The phase of Dylan’s life following this film features Baez prominently,
interwoven with the story of his marriage to music and to Sarah Lownds. But
while that is a potential film in the making, and paradoxically a convoluted film
already made, I doubt any of us will ever live to see it.
That convoluted film of that period, the one that does exist, is “Renaldo and Clara.” “A film that no one is likely to find altogether comprehensible,” as a reviewer said at the time. Four hours long, shaky camera technique, and utterly execrable. Tantalising. Brilliant. Don’t watch it unless you are as crazy as I am (and it has been 40+ years since I last watched it).
So what does “A Complete Unknown” tell us about Dylan?
It tells us that we will never know anything but speculations,
spick, speck, flotsam and jetsam, carefully controlled by Dylan himself, and
remarkably well respected by the film-makers.
Dylan created a persona, not only by giving himself a new
name, but by manufacturing a myriad, myriad stories about himself. Dylan ran
from his stories, and ran from people, and ran from you, and bugger it, runs
from me. Dylan becomes like the naked man who escapes arrest in the garden of
Gethsemane – he alludes to that story in what I consider to be his best album, but
that is a decade-plus beyond the reach of this film.

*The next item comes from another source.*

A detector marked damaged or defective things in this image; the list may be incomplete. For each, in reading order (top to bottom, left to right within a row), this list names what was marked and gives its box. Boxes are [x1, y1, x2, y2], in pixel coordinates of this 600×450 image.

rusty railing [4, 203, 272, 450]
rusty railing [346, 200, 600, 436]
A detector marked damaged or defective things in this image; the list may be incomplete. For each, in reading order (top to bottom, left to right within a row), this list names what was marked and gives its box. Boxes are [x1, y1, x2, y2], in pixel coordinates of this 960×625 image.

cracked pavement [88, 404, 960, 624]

Bu, yes, he does allude to it. Often, in his lyrics. He becomes the one “betrayed by a
kiss on a cool night of bliss" in the song “No Time to Think” on the album
“Street Legal.” Google the cover of that album. Dylan peering out, appearing to
ascertain the risks of the world around him whilst knowing he never can.
But we are back in the early 1960s in this film. Back when Dylan tried “to harmonize with songs / The lonesome sparrow sings.” That was never going to be easy. Sparrows fall.
Like
the naked man of Mark’s gospel Dylan escapes capture. He is the one who will never be imprisoned on
celluloid, pixel, print or canvas. Dylan is (and I think this is no accident) the
"the man in the macintosh,” of James Joyce’s “Ulysses.” Google!

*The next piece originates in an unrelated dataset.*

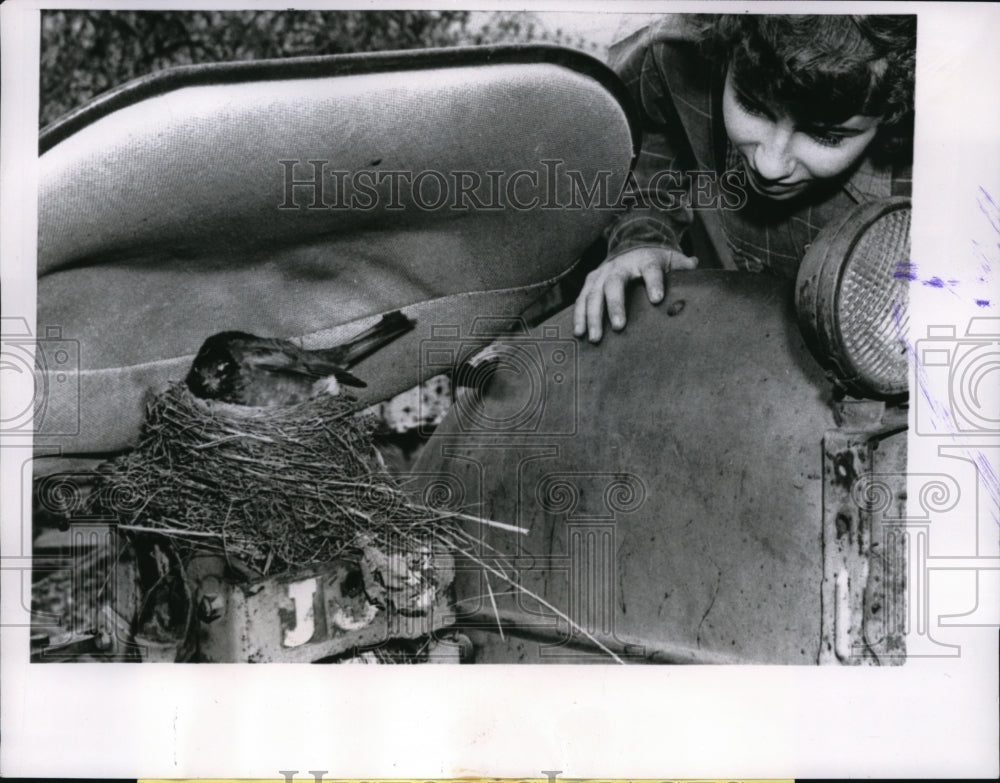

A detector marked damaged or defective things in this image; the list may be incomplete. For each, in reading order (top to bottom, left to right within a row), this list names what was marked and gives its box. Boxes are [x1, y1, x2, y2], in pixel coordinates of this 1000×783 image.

rusty metal surface [414, 272, 844, 664] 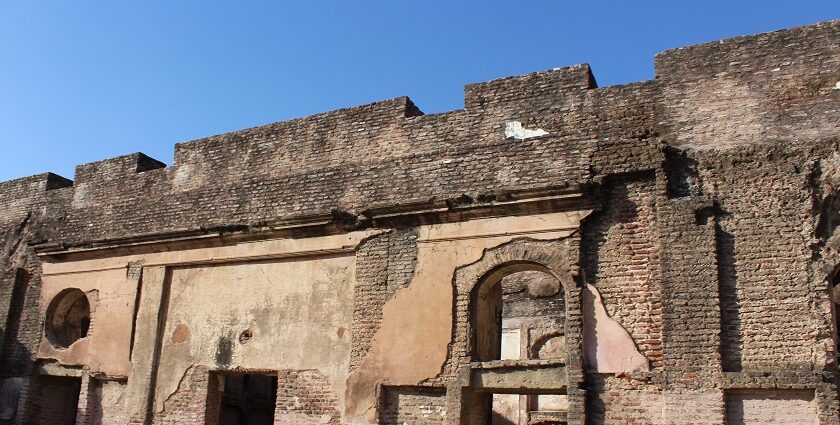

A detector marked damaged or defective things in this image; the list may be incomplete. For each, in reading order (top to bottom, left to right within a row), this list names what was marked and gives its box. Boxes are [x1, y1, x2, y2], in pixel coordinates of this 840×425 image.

peeling plaster patch [502, 120, 548, 140]
peeling plaster patch [584, 284, 648, 372]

Dylan has ferocious lawyers. Try citing his works in print
and you will soon hear from them. But that too is highly symbolic. His two
wives, Sarah and, later, Carolyn, remain tight lipped. His descendants likewise
– though his son Jakob occasionally provides carefully vetted glances which
tell us little.
This is the man who was hounded by A. J. Weberman, self-proclaimed garbologist who trawled
through the songwriter’s garbage bins to find the meaning of a life disguised.
Dylan will always slip away.
That is what “A Complete Unknown,” its outstanding cast and crew, capture sublimely. Dylan will never be the property of folk, or electric, political gospel or any other form of music or writing. Will never be owned by his producers and managers or even friends. He was the “property of Jesus,” he told us at one stage. But was he? Yeah, I reckon, but I am a universalist.
Dylan was and is running endlessly.
Dylan will always be, until and long after he isn’t, the
m-dash between dates. Dylan will always be a captivating, infuriating
inspirational complete unknown. Until there are no shades.